START Supplied data

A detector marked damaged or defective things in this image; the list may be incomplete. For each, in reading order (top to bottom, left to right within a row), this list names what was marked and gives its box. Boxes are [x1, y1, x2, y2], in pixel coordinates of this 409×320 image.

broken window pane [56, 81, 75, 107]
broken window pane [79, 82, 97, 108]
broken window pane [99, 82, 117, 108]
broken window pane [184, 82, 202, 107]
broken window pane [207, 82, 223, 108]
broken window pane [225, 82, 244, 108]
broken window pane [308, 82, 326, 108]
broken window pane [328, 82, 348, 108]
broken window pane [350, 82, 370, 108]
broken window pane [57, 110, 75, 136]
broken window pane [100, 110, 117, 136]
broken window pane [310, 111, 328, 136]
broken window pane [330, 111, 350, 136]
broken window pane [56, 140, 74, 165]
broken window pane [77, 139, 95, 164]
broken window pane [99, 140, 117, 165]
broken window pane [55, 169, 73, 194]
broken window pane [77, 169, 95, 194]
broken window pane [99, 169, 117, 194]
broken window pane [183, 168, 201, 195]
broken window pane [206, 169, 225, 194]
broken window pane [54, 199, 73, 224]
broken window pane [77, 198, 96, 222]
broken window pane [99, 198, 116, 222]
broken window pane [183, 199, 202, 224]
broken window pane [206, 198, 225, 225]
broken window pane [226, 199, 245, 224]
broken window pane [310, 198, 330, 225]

END Supplied data

Exercise requirements — The required output is the whole listing, printed again exactly.

Solution to the exercise —
A detector marked damaged or defective things in this image; the list may be incomplete. For each, in reading order (top to bottom, left to right within a row), this list names what was marked and gives its box. Boxes are [x1, y1, x2, y2], in pixel coordinates of this 409×320 image.

broken window pane [56, 81, 75, 107]
broken window pane [79, 82, 97, 108]
broken window pane [99, 82, 117, 108]
broken window pane [184, 82, 202, 107]
broken window pane [207, 82, 223, 108]
broken window pane [225, 82, 244, 108]
broken window pane [308, 82, 326, 108]
broken window pane [328, 82, 348, 108]
broken window pane [350, 82, 370, 108]
broken window pane [57, 110, 75, 136]
broken window pane [100, 110, 117, 136]
broken window pane [310, 111, 328, 136]
broken window pane [330, 111, 350, 136]
broken window pane [56, 140, 74, 165]
broken window pane [77, 139, 95, 164]
broken window pane [99, 140, 117, 165]
broken window pane [55, 169, 73, 194]
broken window pane [77, 169, 95, 194]
broken window pane [99, 169, 117, 194]
broken window pane [183, 168, 201, 195]
broken window pane [206, 169, 225, 194]
broken window pane [54, 199, 73, 224]
broken window pane [77, 198, 96, 222]
broken window pane [99, 198, 116, 222]
broken window pane [183, 199, 202, 224]
broken window pane [206, 198, 225, 225]
broken window pane [226, 199, 245, 224]
broken window pane [310, 198, 330, 225]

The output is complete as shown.